# 3 questions.

1. May 26, 2004

### mustang

Problem 16.
Show that 1+2+4+...+26(n-1)=2^(n)-1
I first decided to use the formula: a_n=a_1*r^(n-1)

Problem24. Find the sum of the series 1-3+5-7+9-11+....+1001.

Problem 26. Suppose a doctor earns \$40,000 during the first year of practice. Suppose also that each succeeding year the salary increases 10%. What is the total of the doctor's salaries over the first 10 years? How many years must the doctor work if the salary total is to exceed a million dollars?

2. May 26, 2004

### AKG

That's not the correct formula. If you want to find the nth term in a sequence that might be useful, but you want to find the nth term in a series. There is a different formula, I don't remember off-hand, I'm sure you can look it up or find it in your text book. However, if you need to prove it, you can do a simple proof by induction.

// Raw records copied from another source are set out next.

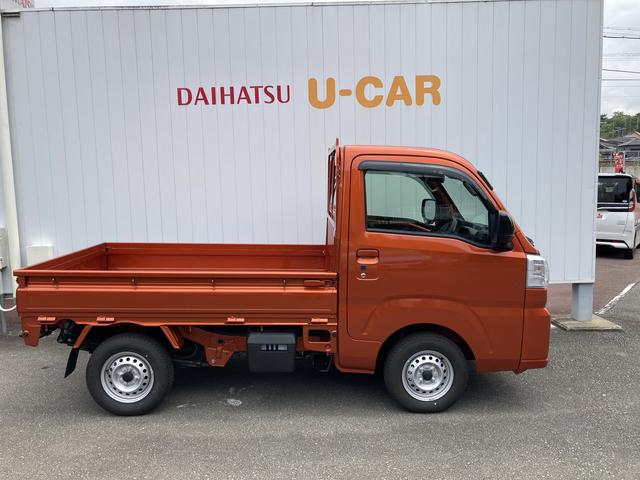 ハイゼットトラックスタンダード 農用スペシャル純正ナビゲーション ドライブレコーダー ETC車載器 バックカメラ 4WD CVT車 パワーウインドウ プッシュスタート(和歌山県)の中古車
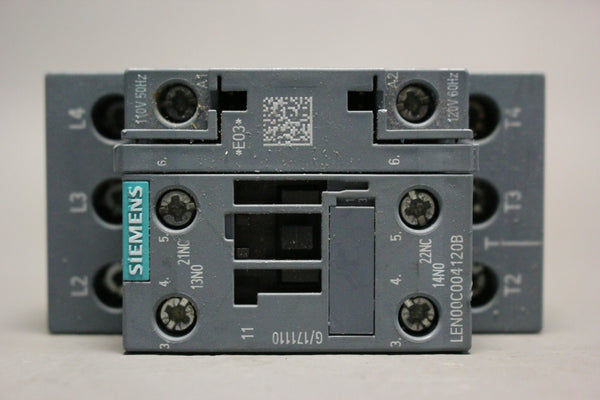 USESD SIEMENS POWER CONTACTOR LEN00C004120B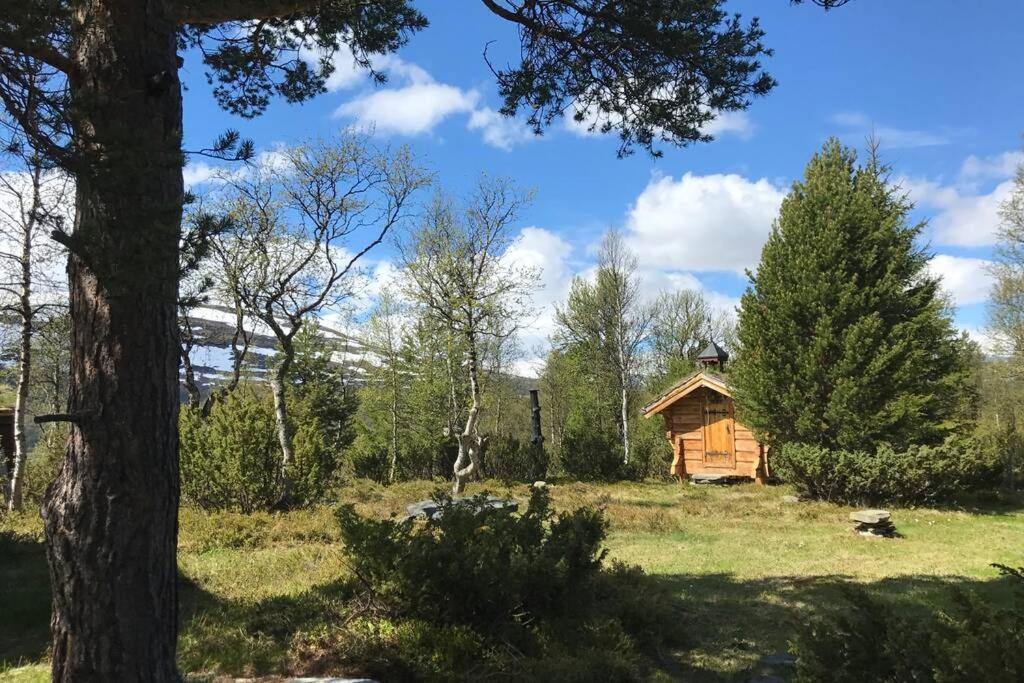 Fjellro Mountain Cabin أوبدال المظهر الخارجي الصورة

Notice that every consecutive pair of terms sums to -2, e.g. 1-2 = -2, 5-7 = -2, etc. Your answer should be 1001 - 2x, where x is the number of pairs. The first pair is (1,-3) and the last pair would be (997,-999). It's a simple matter of some simple division to find out x.

You can express this as a series. $a_1 = \ 40,000$, $r = 1.1$ because he gets a 10% increase each year, so his salary will be 10% greater than the previous year, which is 110% times more than the previous year, which is 1.1 times more than the previous year.